Solutions of Spinorial Yamabe-type Problems on $S^m$: Perturbations and Applications

TL;DR

This paper investigates the existence of solutions to a conformally invariant Dirac equation on closed spin manifolds, with applications in spin geometry including isometric immersions and invariant estimates.

Contribution

It advances the theory of spinorial Yamabe-type problems by establishing existence results for the Dirac equation with prescribed functions on manifolds.

Findings

Existence results for solutions to the Dirac equation on spin manifolds.

Connections between solutions and geometric properties like isometric immersions.
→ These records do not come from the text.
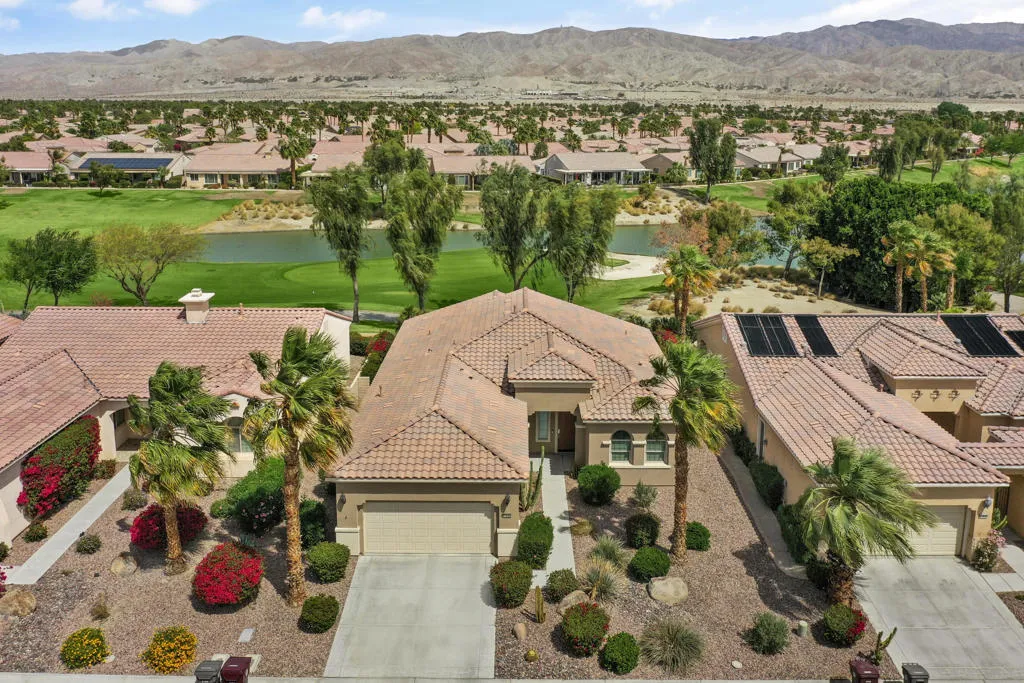 81626 Camino Los Milagros, Indio, California 92203 home-pic-1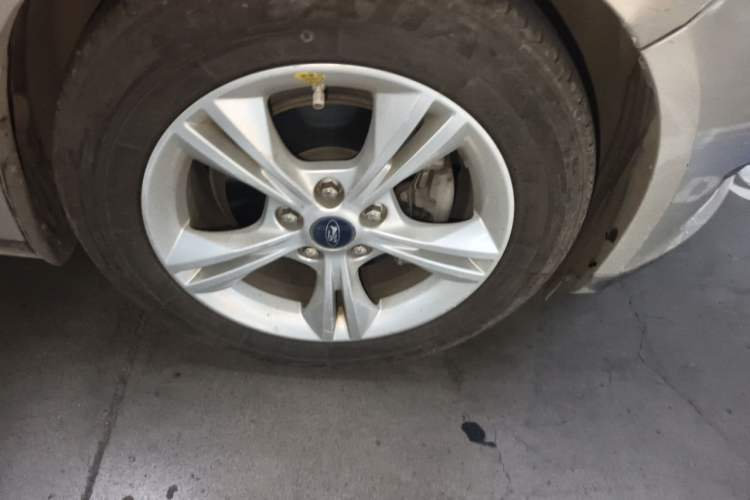 Used Ford Focus 2015 Sedan 1.6L Automatic Comfort Model Right Front Wheel Hub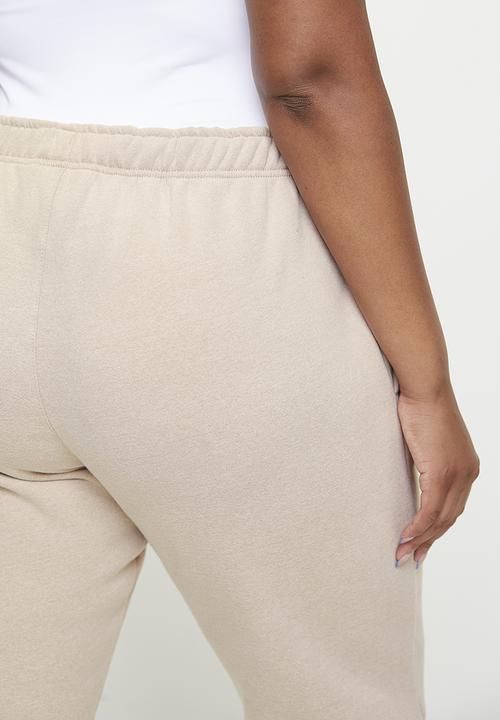 Cotton On - Plus Plush Essential Gym Sweatpant - Sesame Marle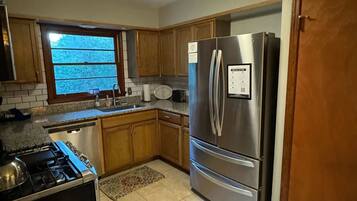 Jääkaappi, mikroaaltouuni, uuni, liesi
Upper bounds for the Bär-Hijazi-Lott invariant in certain cases.

Abstract

This paper is part of a program to establish the existence theory for the conformally invariant Dirac equation \[ D_{\textit{g}}\psi=f(x)|\psi|_{\textit{g}}^{\frac2{m-1}}\psi \] on a closed spin manifold $(M,\textit{g})$ of dimension $m\geq2$ with a fixed spin structure, where $f:M\to\mathbb{R}$ is a given function. The study on such nonlinear equation is motivated by its important applications in Spin Geometry: when $m=2$, a solution corresponds to an isometric immersion of the universal covering $\widetilde M$ into $\mathbb{R}^3$ with prescribed mean curvature $f$; meanwhile, for general dimensions and $f\equiv constant$, a solution provides an upper bound estimate for the B\"ar-Hijazi-Lott invariant.